Ultrasound scans in pregnancy
Routine pregnancy ultrasound scans are offered in:
- the first trimester at 11-13 weeks
- the second trimester at 18-20 weeks.
In early pregnancy, your doctor might recommend a non-routine ultrasound scan for vaginal bleeding or abdominal pain.
Later in pregnancy, your doctor might recommend extra ultrasounds if there are medical concerns about the pregnancy, there have been problems with a previous pregnancy, there’s uncertainty about the pregnancy dates or you’re expecting twins or multiples.
The 12-week ultrasound scan: what it’s for
The 12-week ultrasound is one of the routine tests in pregnancy. It:
- checks that your baby is growing inside the womb
- checks that your baby is developing as expected
- screens your baby for chromosomal anomalies
- shows how many babies you have
- helps health professionals work out your baby’s age and estimated due date.
This 12-week ultrasound scan can happen at a private clinic or public hospital, and the results will usually be sent directly to your GP, obstetrician or midwife.
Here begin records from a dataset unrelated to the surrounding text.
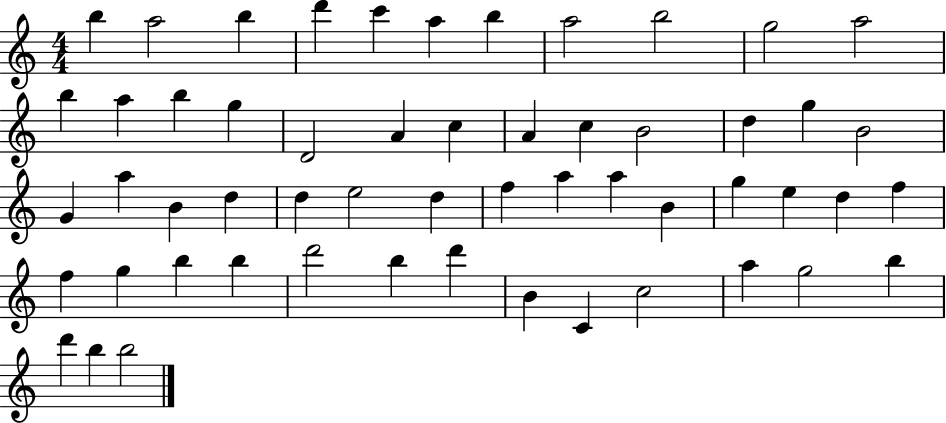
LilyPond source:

{
  \clef treble
  \numericTimeSignature
  \time 4/4
  \key c \major
  b''4 a''2 b''4 | d'''4 c'''4 a''4 b''4 | a''2 b''2 | g''2 a''2 | \break b''4 a''4 b''4 g''4 | d'2 a'4 c''4 | a'4 c''4 b'2 | d''4 g''4 b'2 | \break g'4 a''4 b'4 d''4 | d''4 e''2 d''4 | f''4 a''4 a''4 b'4 | g''4 e''4 d''4 f''4 | \break f''4 g''4 b''4 b''4 | d'''2 b''4 d'''4 | b'4 c'4 c''2 | a''4 g''2 b''4 | \break d'''4 b''4 b''2 | \bar "|."
}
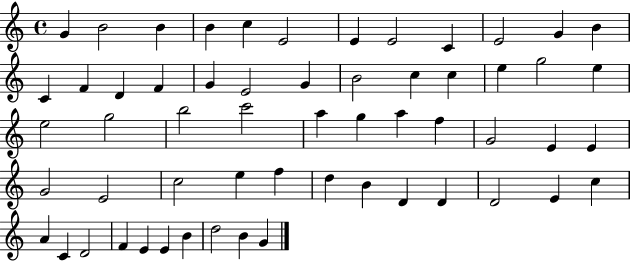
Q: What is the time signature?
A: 4/4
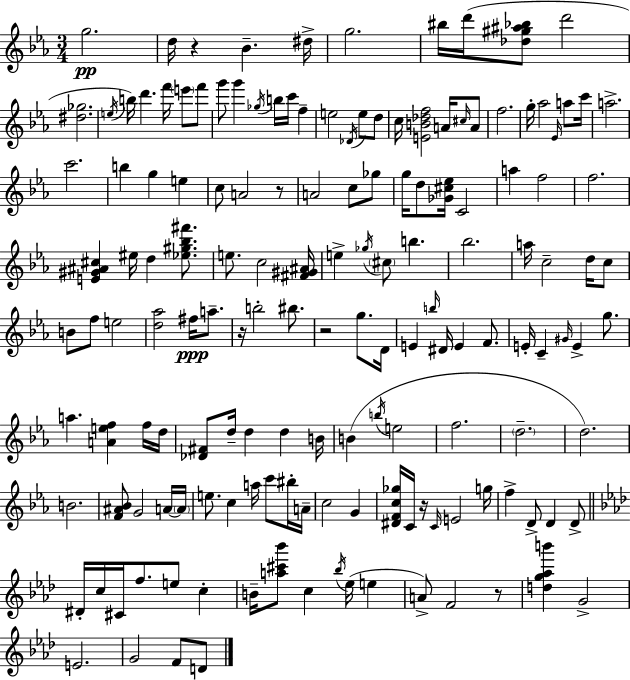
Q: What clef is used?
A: treble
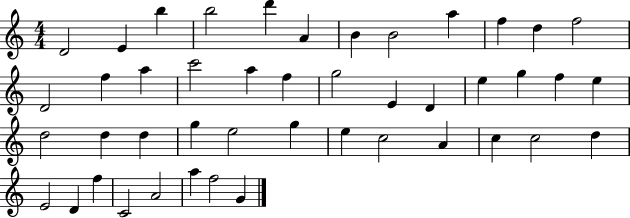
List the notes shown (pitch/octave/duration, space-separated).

D4/h E4/q B5/q B5/h D6/q A4/q B4/q B4/h A5/q F5/q D5/q F5/h D4/h F5/q A5/q C6/h A5/q F5/q G5/h E4/q D4/q E5/q G5/q F5/q E5/q D5/h D5/q D5/q G5/q E5/h G5/q E5/q C5/h A4/q C5/q C5/h D5/q E4/h D4/q F5/q C4/h A4/h A5/q F5/h G4/q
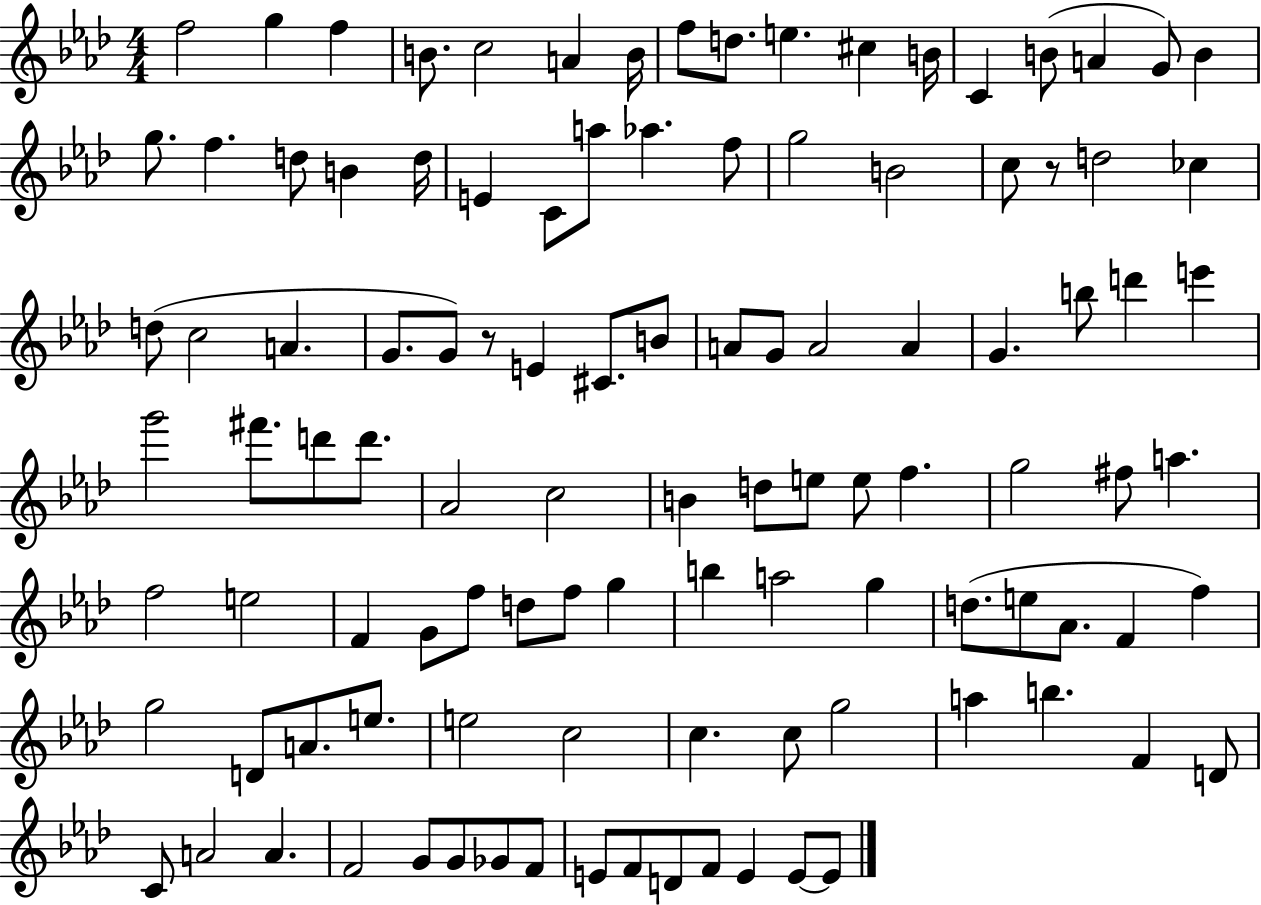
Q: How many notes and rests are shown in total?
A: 108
They’ll contact you to let you know about the results.
This ultrasound scan often happens at around 12 weeks in pregnancy, but it can happen anywhere between 11 and 13 weeks.
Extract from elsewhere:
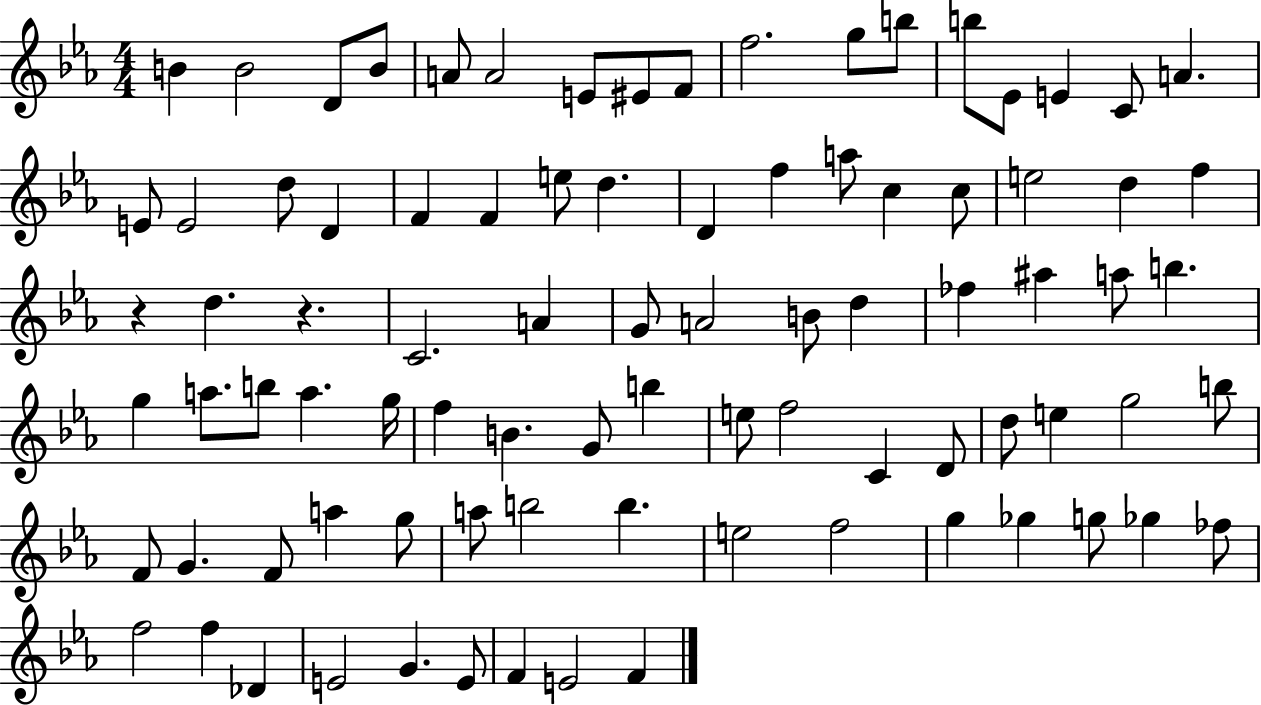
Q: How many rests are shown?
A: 2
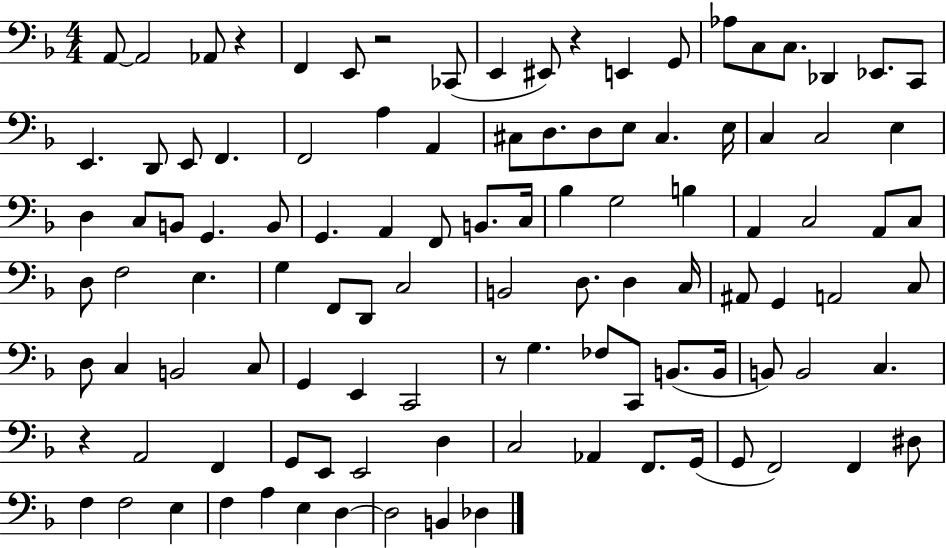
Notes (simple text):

A2/e A2/h Ab2/e R/q F2/q E2/e R/h CES2/e E2/q EIS2/e R/q E2/q G2/e Ab3/e C3/e C3/e. Db2/q Eb2/e. C2/e E2/q. D2/e E2/e F2/q. F2/h A3/q A2/q C#3/e D3/e. D3/e E3/e C#3/q. E3/s C3/q C3/h E3/q D3/q C3/e B2/e G2/q. B2/e G2/q. A2/q F2/e B2/e. C3/s Bb3/q G3/h B3/q A2/q C3/h A2/e C3/e D3/e F3/h E3/q. G3/q F2/e D2/e C3/h B2/h D3/e. D3/q C3/s A#2/e G2/q A2/h C3/e D3/e C3/q B2/h C3/e G2/q E2/q C2/h R/e G3/q. FES3/e C2/e B2/e. B2/s B2/e B2/h C3/q. R/q A2/h F2/q G2/e E2/e E2/h D3/q C3/h Ab2/q F2/e. G2/s G2/e F2/h F2/q D#3/e F3/q F3/h E3/q F3/q A3/q E3/q D3/q D3/h B2/q Db3/q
The 12-week ultrasound and first-trimester screening
The 12-week ultrasound is part of combined first trimester screening for chromosomal anomalies like Down syndrome. This screening process also includes a blood test.
As part of the ultrasound scan, the ultrasonographer measures the fluid at the back of your baby’s neck. This measurement is combined with the results of the blood test to work out your baby’s chance of having a chromosomal anomaly.
Screening doesn’t diagnose chromosomal anomalies. Only special diagnostic antenatal tests like chorionic villus sampling (CVS) and amniocentesis can do this. If you’re thinking about having these tests, genetic counselling services can give you more information.
Most 12-week ultrasounds show that babies are developing well, but sometimes they pick up chromosomal anomalies or other problems. Some of these problems aren’t serious and won’t need much, if any, treatment. But some are signs of serious disability. It’s worth thinking about how you might feel if the ultrasound shows a problem. You and your partner will need support. Your doctor or midwife will be able to help.
Miscarriage at 12 weeks
Although most pregnancies are straightforward and progress to term, there’s a chance that the 12-week ultrasound scan could show that there has been a miscarriage.
A miscarriage is when a fetus dies before 20 weeks of pregnancy. Miscarriage is common. Around 1 in 5 confirmed pregnancies are miscarried.
Miscarriage can be very sad and distressing. Along with grief and disappointment, you might feel helpless at not being able to protect your baby. There’s no right way to feel or grieve after a miscarriage.
If you and your partner (if you have one) aren’t coping or feel depressed, you might need professional help. See your GP or speak to a counsellor. You could also call Lifeline on 131 114, MensLine on 1300 789 978 or QLife (LGBTQ+ peer support) on 1800 184 527.